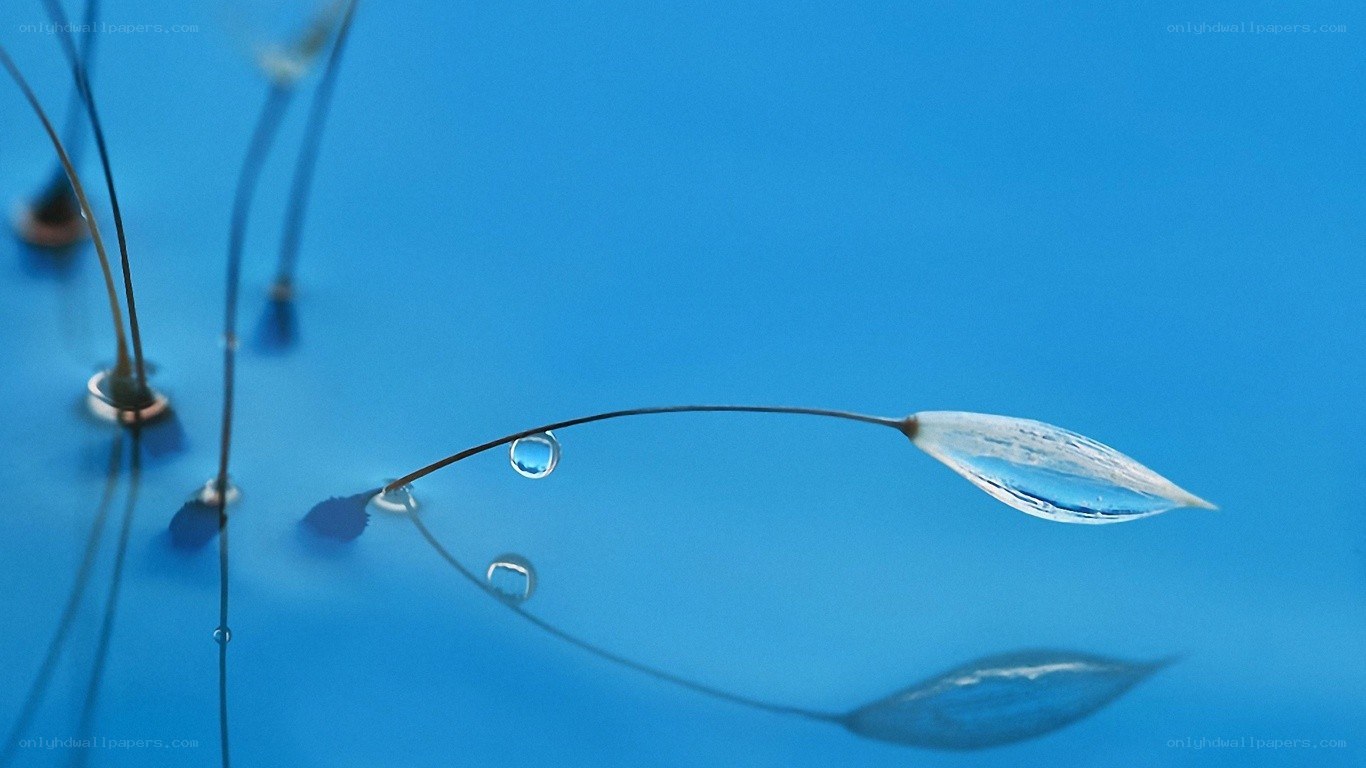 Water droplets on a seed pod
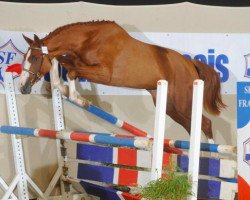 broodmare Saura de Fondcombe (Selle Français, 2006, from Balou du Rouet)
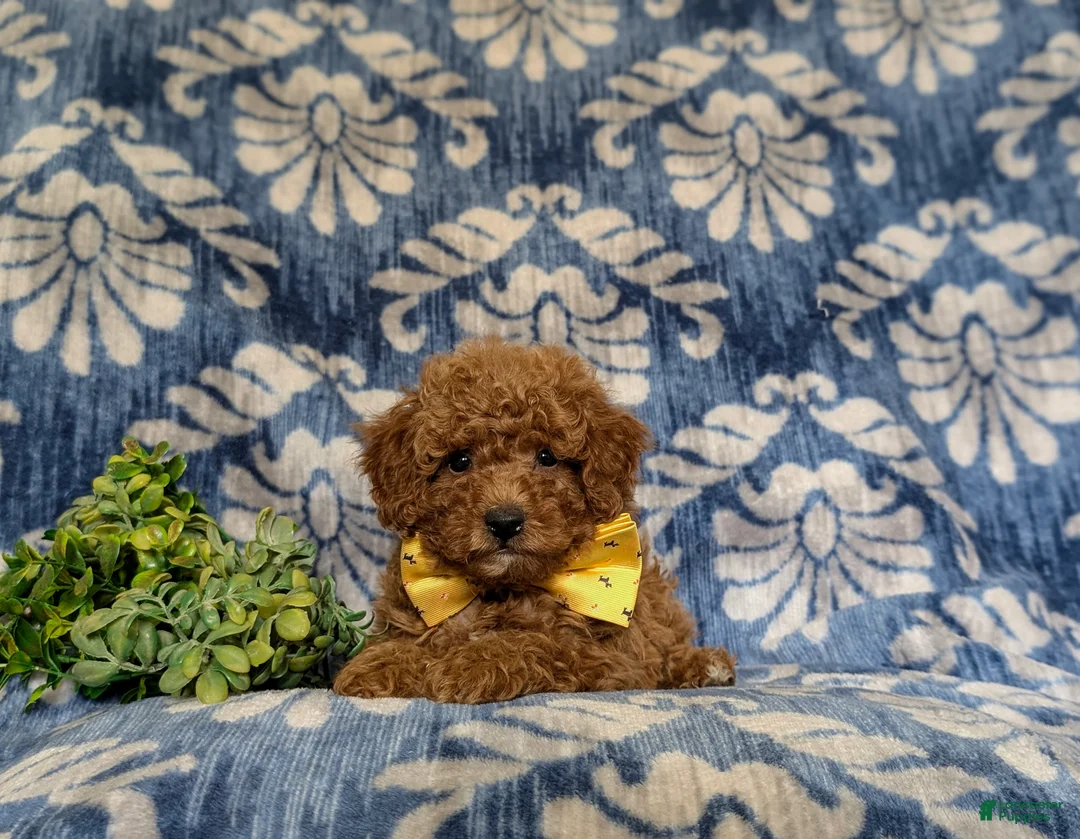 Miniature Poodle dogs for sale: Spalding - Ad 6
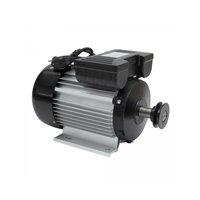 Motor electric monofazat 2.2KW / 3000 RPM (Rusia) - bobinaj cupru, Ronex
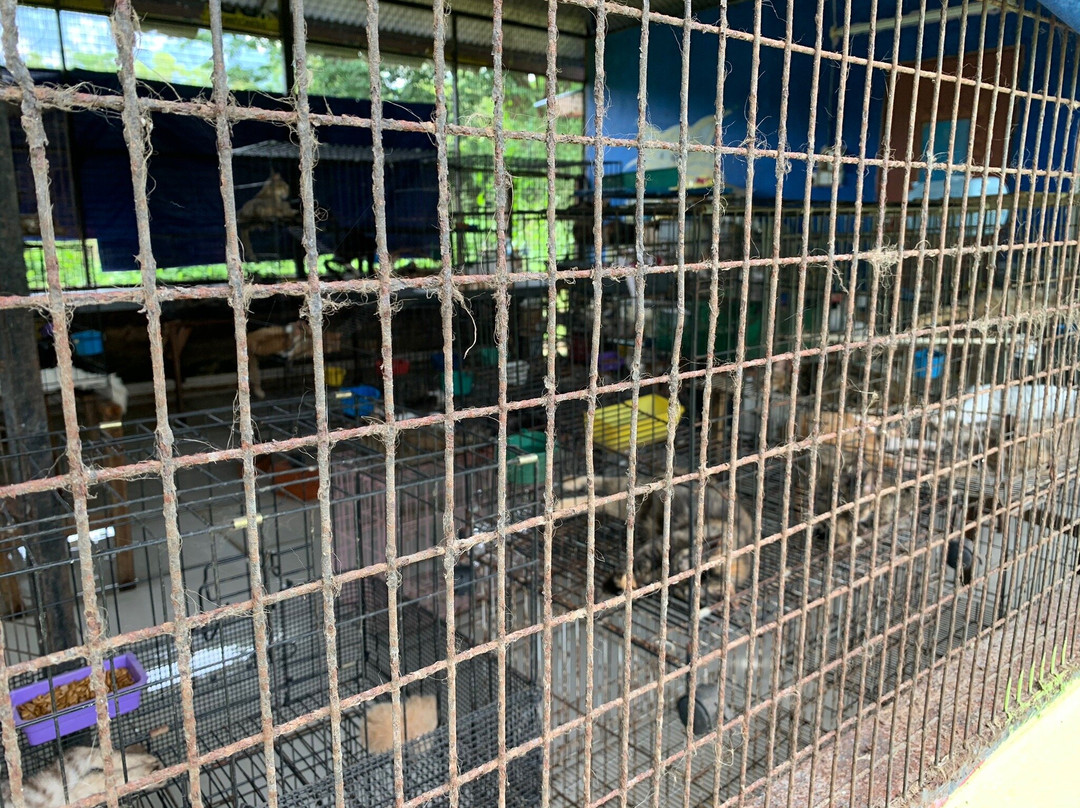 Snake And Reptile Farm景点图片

==

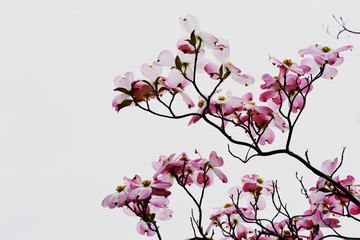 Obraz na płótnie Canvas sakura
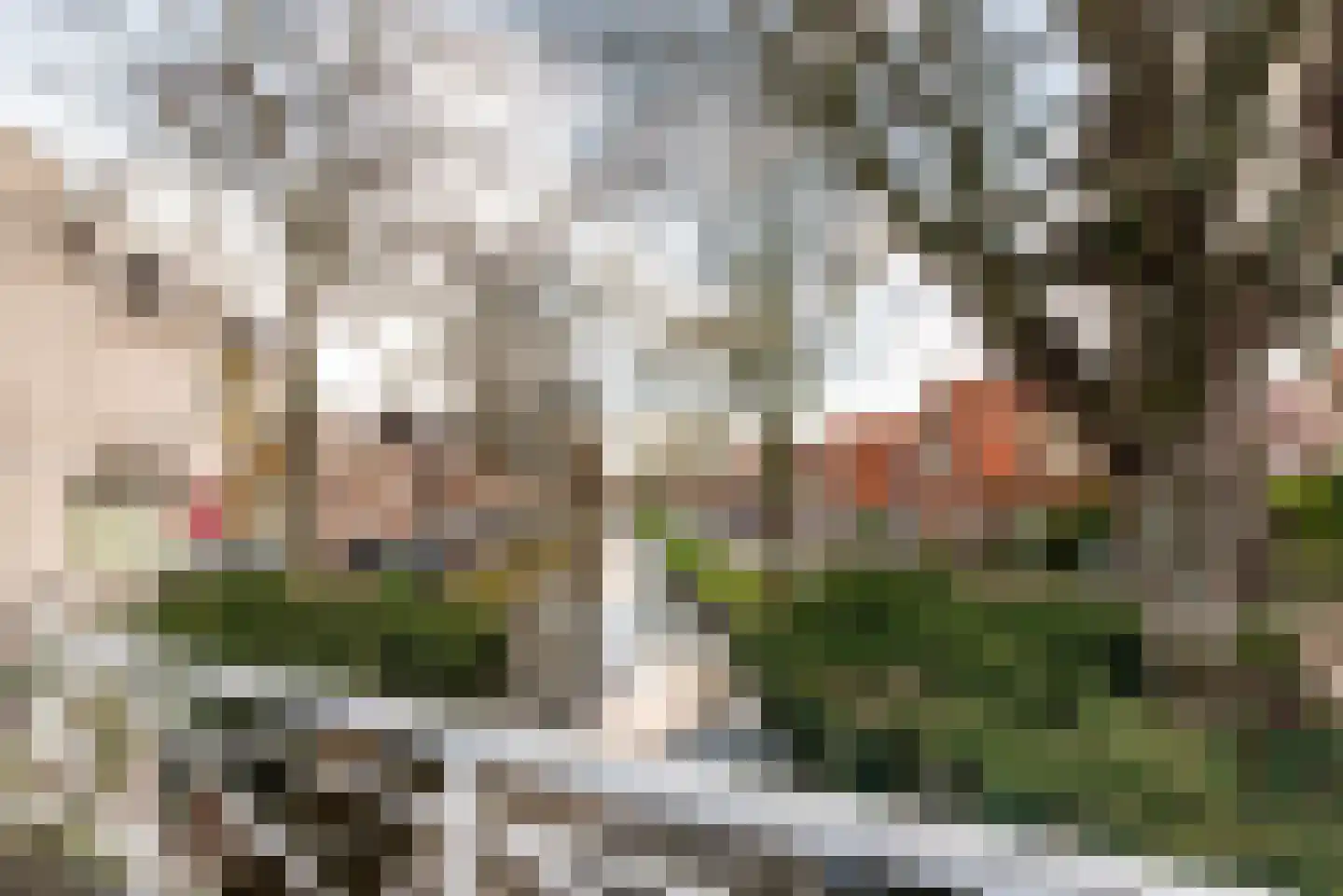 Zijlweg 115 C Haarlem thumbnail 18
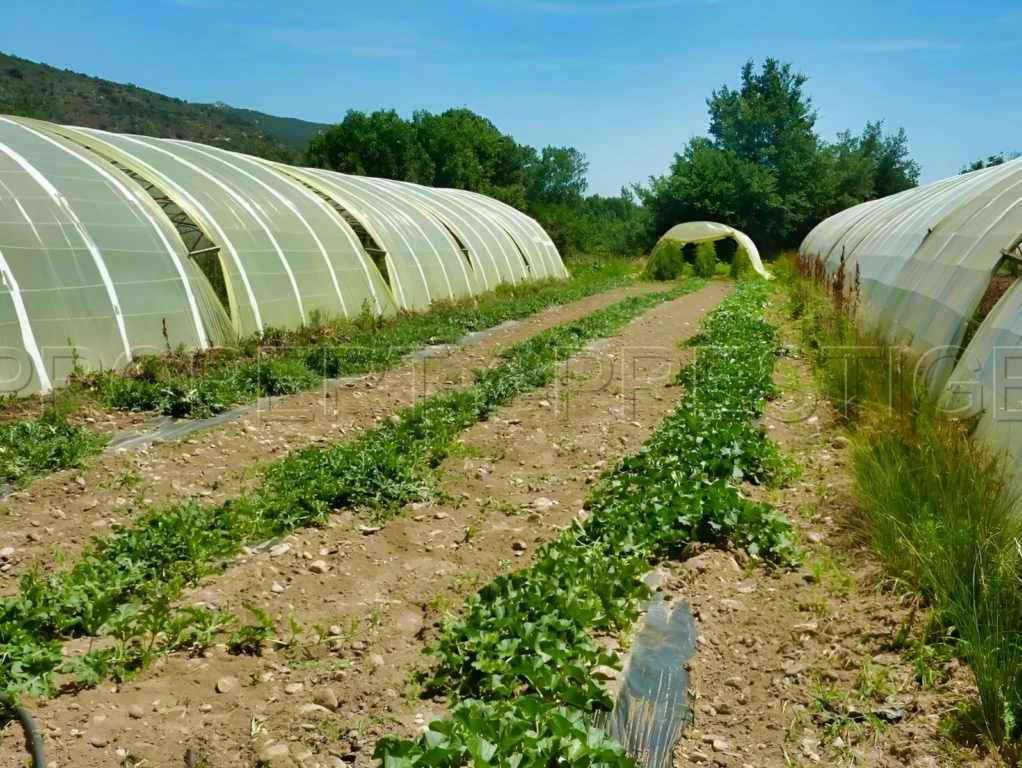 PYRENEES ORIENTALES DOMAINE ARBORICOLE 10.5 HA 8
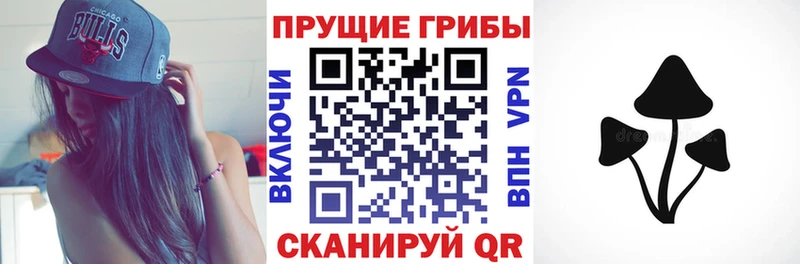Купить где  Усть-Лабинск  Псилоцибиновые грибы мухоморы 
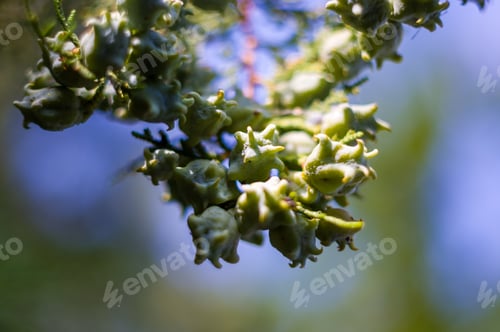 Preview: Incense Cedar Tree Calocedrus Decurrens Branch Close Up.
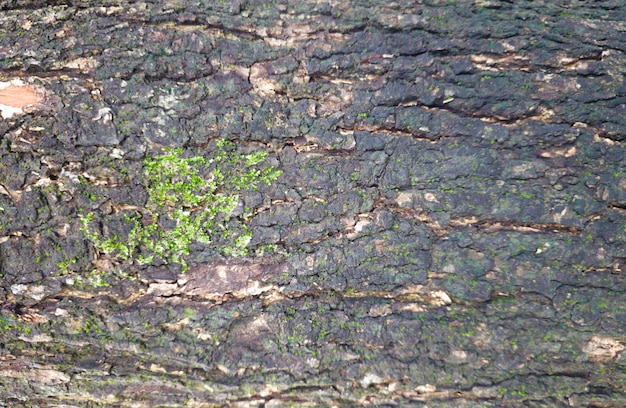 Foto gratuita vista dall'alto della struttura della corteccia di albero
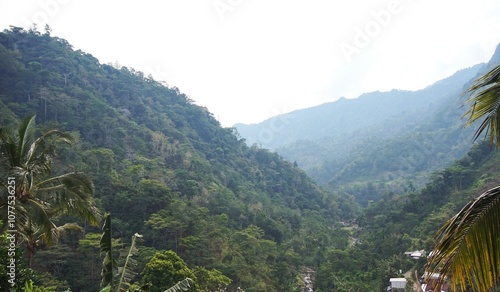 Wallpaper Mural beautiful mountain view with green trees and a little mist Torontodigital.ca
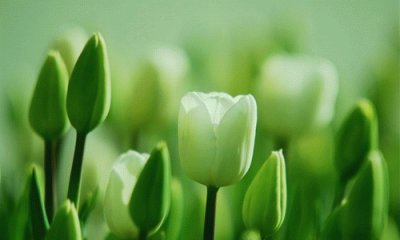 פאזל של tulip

*TRY IT*. Using the data above, retype exactly the lines from the line with "Motor electric monofazat" to the line with "Snake And Reptile Farm景点图片", inclusive. No pictures and nothing else.

*TASK RESULT*.
 Motor electric monofazat 2.2KW / 3000 RPM (Rusia) - bobinaj cupru, Ronex
 Snake And Reptile Farm景点图片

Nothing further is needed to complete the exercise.